# Requirement
I would like the line with "Paire de pendants d'oreilles" and every line after it, down to the end of the entries below, output exactly and without pictures.
_ _ _ _
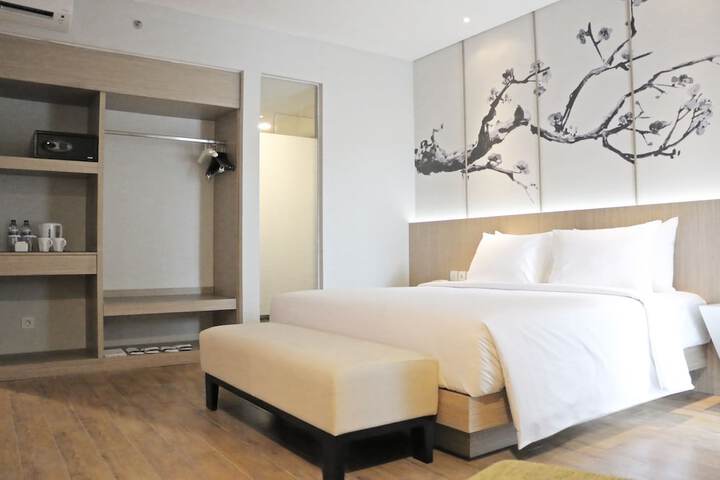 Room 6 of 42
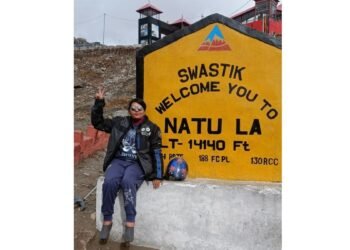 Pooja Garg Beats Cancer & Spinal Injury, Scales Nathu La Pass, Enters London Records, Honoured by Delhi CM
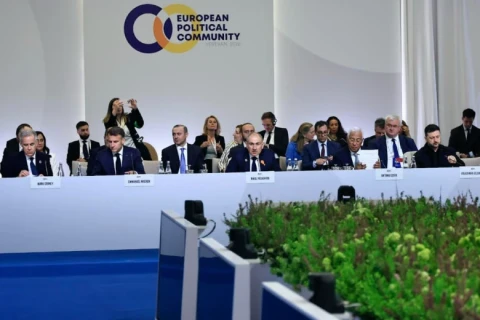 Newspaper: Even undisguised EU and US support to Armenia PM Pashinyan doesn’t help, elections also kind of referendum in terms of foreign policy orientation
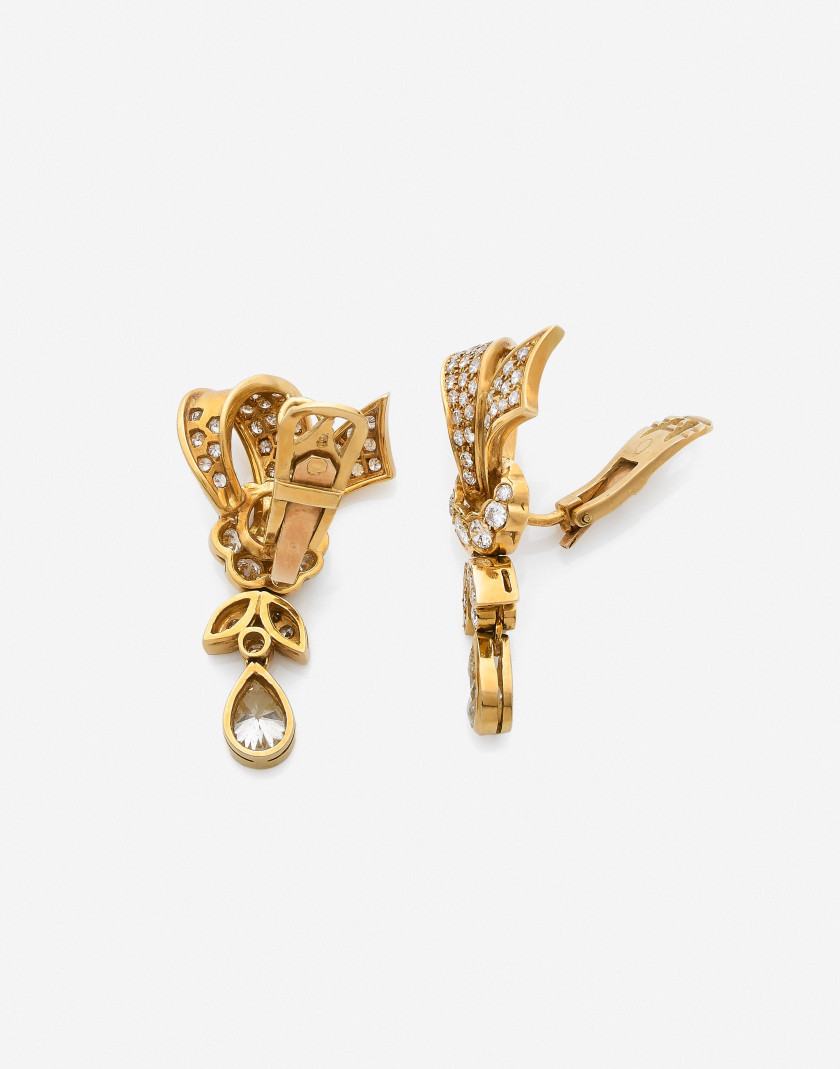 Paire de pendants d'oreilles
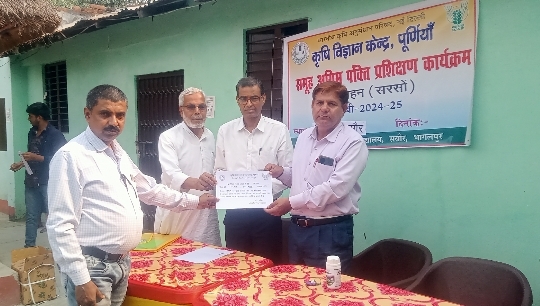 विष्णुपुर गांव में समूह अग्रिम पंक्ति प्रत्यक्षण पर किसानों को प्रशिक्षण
_ _ _ _
# Exercise result
 Paire de pendants d'oreilles
 विष्णुपुर गांव में समूह अग्रिम पंक्ति प्रत्यक्षण पर किसानों को प्रशिक्षण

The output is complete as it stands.